Suspended was a 2017 art installation at a London church created to highlight the continuing refugee crisis and the human stories often hidden within it.

The clothes of Lesbos

A baby's bright red bib hangs in mid-air. Across the front are the words: “My 1st Christmas Ever!”. Nearby, a pair of jeans hangs upside down as though their owner is falling from a height. There are shoes, socks, mittens, hats and pyjama tops, some with their sleeve-ends intertwined like hands reaching for one another.

Arabella Dorman
Arabella Dorman

These garments formed part of Suspended, an installation by the British war artist Arabella Dorman in the nave of St James's Church, Piccadilly in London. Around 700 items of clothing were hung high above the church floor, creating a drifting canopy of garments that seemed to float in mid-air.

The clothes had been salvaged from beaches and olive groves on the Greek island of Lesbos, where thousands of refugees arrived after crossing the Aegean Sea in fragile boats. Many of the garments had been discarded by those arriving on shore, wet, damaged, or simply abandoned in the rush to continue the journey.

The meaning of the empty garment

For Dorman, the sight of these abandoned belongings was deeply affecting.

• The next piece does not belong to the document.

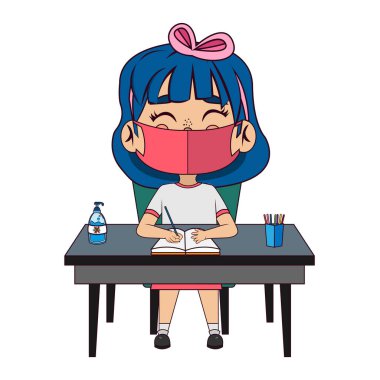 Yüz maskesi takan bir kız.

“There were thousands of items of clothing discarded by refugees. I was struck by the concept of the empty garment, evoking the hidden presence of the person who had worn that item. These clothes reveal what is now being forgotten.”

Arabella Dorman

The power of the installation lay in this idea of the “empty garment”. Each piece of clothing hinted at the life of the person who once wore it, a child, a parent, a traveller, yet the person themselves was absent. The garments became quiet witnesses to journeys marked by danger, loss and uncertainty.

Suspended lives

The title Suspended carried a second meaning. The clothes were literally suspended above the church, but the word also reflected the uncertain condition of many refugees whose lives have been placed on hold. Many live in a kind of limbo, unable to return home yet unsure where they will eventually find safety.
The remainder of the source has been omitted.